In the eighteenth century, reason was seen as good, while the imagination was viewed as dangerous. It was thought that indulging the imagination led to madness. At the beginning of the nineteenth century, the Romantics reversed this formula, declaring that imagination trumps reason. Some of the Romantics, especially Coleridge, even saw imagination as a near-divine power of mind. Dreams and trance states were nearly allied with imagination and highly valued by the Romantics.
The Romantics had four core values; equality, the untutored imagination could produce works as stirring as the mind of the trained artist; spontaneity, romantics admired the creative genius of the mind at play; simplicity, beautiful art should be direct and heartfelt, not artificial or overly embellished; individualism, self-definition and self-invention valued over conformity.
In the 18th century, there was the Enlightenment Movement, and later in 1780 to 1830, there was the Romantic Movement. The characteristics of the Enlightenment Movement include reason, objectivity, deliberation, hierarchy, conformity, tradition, and completeness, love of ornate, cultivated nature including gardens, farms, and pastoral imagery. The characteristics of the Romantic Movement include imagination, subjectivity, spontaneity, equality and democracy, individualism, rebellion, fragments, and love of wild, uncultivated nature including blasted trees, and wilderness.

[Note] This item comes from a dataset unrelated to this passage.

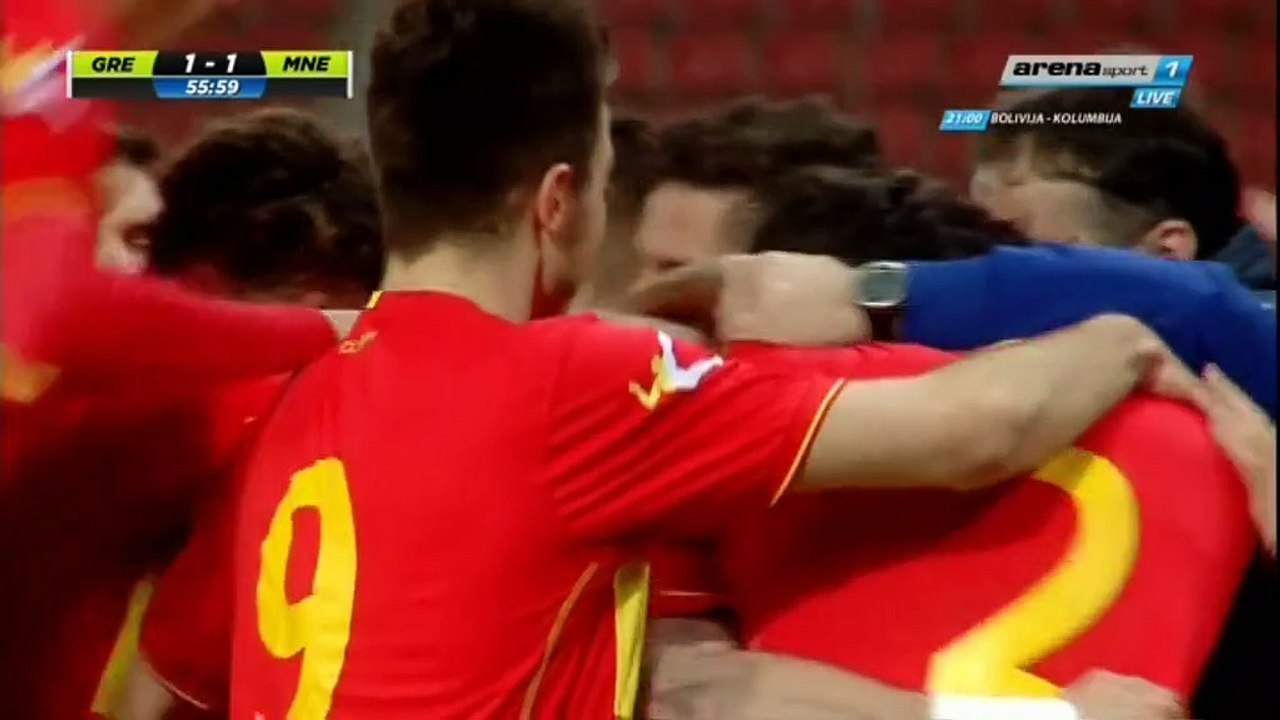 1-1 u017darko Tomau0161eviu0107 Goal International  Friendly - 24.03.2016, Greece 1-1 Montenegro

The major authors for the first generation British Romantics include William Wordsworth, 1770 to 1850, Samuel Taylor Coleridge, 1772 to 1834, William Blake, 1757 to 1827, and Mary Wollstonecraft, 1759-1797. The major authors for the second generation British Romantics include Percy Shelley, 1792 to 1822, Mary Shelley, 1797-1851, John Keats, 1795 to 1821, Lord Byron, 1788 to 1824, and John Polidori, 1795 to 1821.
The political context of the Romantics Movement includes in the 1790s, the French Revolution, and American Revolution. By the 1830s, there was the Reform Bill of 1832, which extended the vote and reorganized voting districts, slavery was abolished in the British colonies in 1833, and Queen Victoria ascended to the throne in 1837.
In the French Revolution, 1789 to 1799, the revolution begins with lofty ideals of “Liberte, Egalite, and Fraternite,” Freedom, Equality, and Brotherhood. The commoners agitate against the nobility, and intellectuals see the Revolution as the triumph of reason over prejudice. The Reign of Terror was from 1793 to 1794. King Louis XVI and Marie Antoinette were guillotined in 1792. During the last six weeks of the “Red Terror” nearly fourteen hundred people were guillotined in Paris.
In the American Revolution, Britain loses a valuable colony, and similar to the French, the Americans take a stand against nobility and inherited privilege. For example, American decided to have an elected president rather than a king.